Saggers accompanied the 1948 Ashes tour to England as the reserve wicket-keeper behind the first choice, Tallon. During the tour, Saggers had few opportunities with the bat, generally batting between No. 8 and No. 10,N- because Australia's frontline bowlers included the likes of Ray Lindwall, Colin McCool, Ian Johnson and Doug Ring, who were all capable batsmen. Lindwall scored two Test centuries in his career, while McCool scored 18 first-class centuries, one in Tests. Johnson and Ring both scored more than 20 fifties at first-class level. As a result, many of the bowlers batted before he did.

As Australia often won by an innings, and declared in the first innings on many occasions, Saggers only had 12 innings in his 17 first-class fixtures and was not out three times after his remaining partners had been dismissed. In the first County match against Leicestershire he scored six and took two catches, and against Cambridge University he made two stumpings and took one catch. He then played in the match against Essex where Australia reached 721 runs. Saggers made his highest first-class score, 104 not out—the only first-class century of his career—in a partnership of 166 runs in 65 minutes with Sam Loxton. Loxton, along with Bill Brown and Donald Bradman, also scored centuries. He then faced Oxford University, scoring six runs and taking one catch, followed by 22 and a stumping at Lancashire, 17 and another stumping at Hampshire, 22 against Yorkshire, 12 and four stumpings against Surrey, and three more stumpings against Gloucestershire.

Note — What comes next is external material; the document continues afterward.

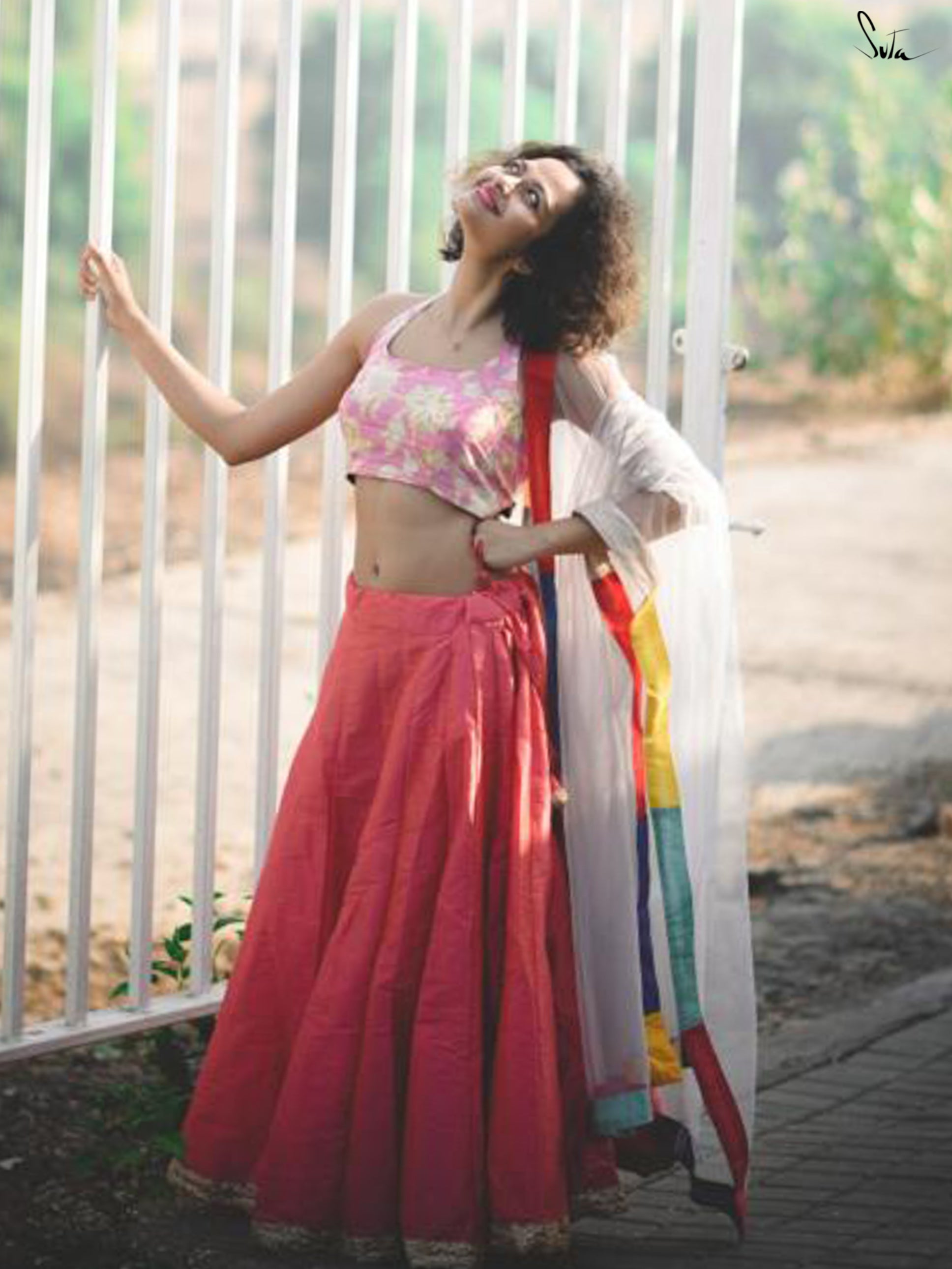 Dhoop Chav Peach And Pink Raw Silk Skirt
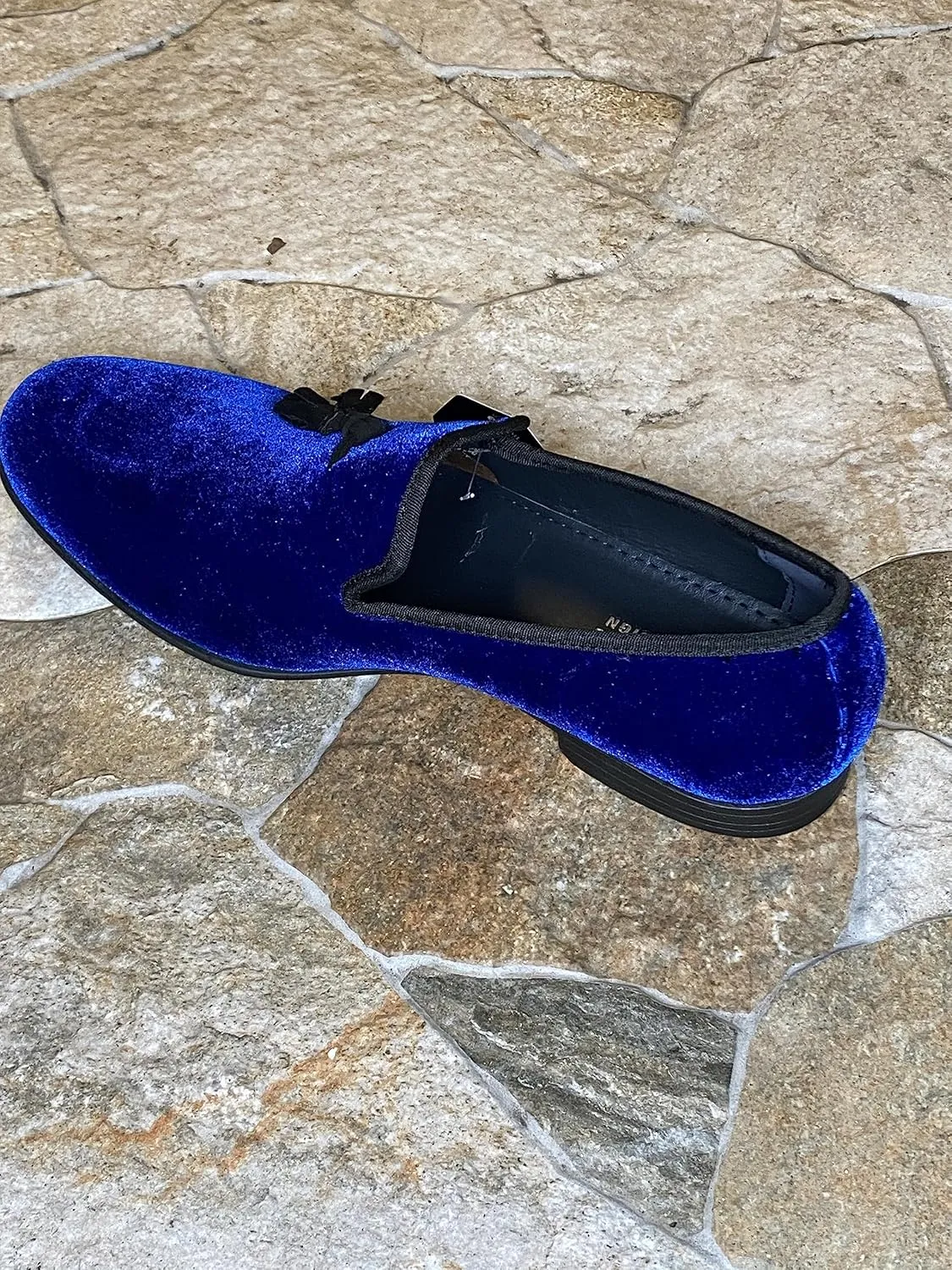 Terroni Men's Slip-On Loafer Shoe-Faux Suede-Tassel-Fashionable-Italian Design-Luxury Comfort Dress Shoe- Wedding Shoe-Prom Shoe (Royal Blue, 10)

Saggers' Test debut took place at Headingley on 22 July 1948 during the Fourth Test of the Invincibles Ashes tour of England. England made 496 runs in their first innings, with Saggers taking catches to remove Denis Compton for 23 and Jim Laker for four. Australia replied with 458, however Saggers was stumped by England's wicket-keeper Godfrey Evans off the bowling of Laker for only five runs. England's second innings reached 365 with Saggers taking one catch to secure the wicket of Ken Cranston. However, an innings of 182 runs from Arthur Morris and 173 not out from Bradman meant that Saggers was not required to bat again in the second innings; Australia defeating England by seven wickets. Saggers did not play in the remaining international matches of the 1948 Ashes series, and he ended the tour with 209 runs at an average of 23.22, including a career high score of 104 not out against Essex, 23 catches and 20 stumpings, also career records. This compared with the first-choice gloveman Tallon, who scored 283 runs at 25.72. In all his matches on tour, Tallon missed 249 byes as Australia conceded 5,331 runs, a bye percentage of 4.67%. In contrast, Saggers conceded 221 byes from the 6,190 runs scored against Australia when he was behind the stumps, a percentage of 3.57%.N- In his book, Farewell to Cricket, Bradman said of Saggers following the tour: "[he] had not quite the speed or agility of Tallon but could always be relied on for a solid performance. A most polished and unostentatious player."

===South Africa===

Saggers' next Test came in the 1949 tour of South Africa, where he was Australia's first choice wicket-keeper for all five Test matches. In light of the successful 1948 tour of England, Saggers commented "give me South Africa now, but I wouldn't care to insure her future at double the rate I'd insure Australia's." In the first warm up match against Natal Saggers scored 17 and took four catches, and in the second against North Eastern Transvaal he took one catch and made two stumpings, but was not needed to bat in either innings. He made 32 runs with three stumpings and three catches against the South African XI, made two stumpings but did not bat against the Orange Free State, and then scored one and nought not out against the Transvaal.

The first Test match of the tour, on 24 December 1949 at Johannesburg, saw him score 14 runs in the first innings before falling leg before wicket (LBW) to Cuan McCarthy, and taking three catches as South Africa were forced to follow on, Australia winning by an innings and 85 runs. In the Second Test at Cape Town, Saggers did get a chance to bat, with Australia declaring for 526 before he had the opportunity in the first innings. South Africa were forced to follow-on (bat twice in a row) and were defeated by eight wickets. He did, however, complete three stumpings in South Africa's first innings off the bowling of Colin McCool, along with four catches in the match. He also took two catches and completed one stumping in the Third Test, and made two runs in the first innings, though he did not bat in the second as Australia won by five wickets. The Fourth Test, again in Johannesburg, saw Saggers score five not out in the first innings and, though not being required to bat in the second innings as the match ended in a draw, taking two catches.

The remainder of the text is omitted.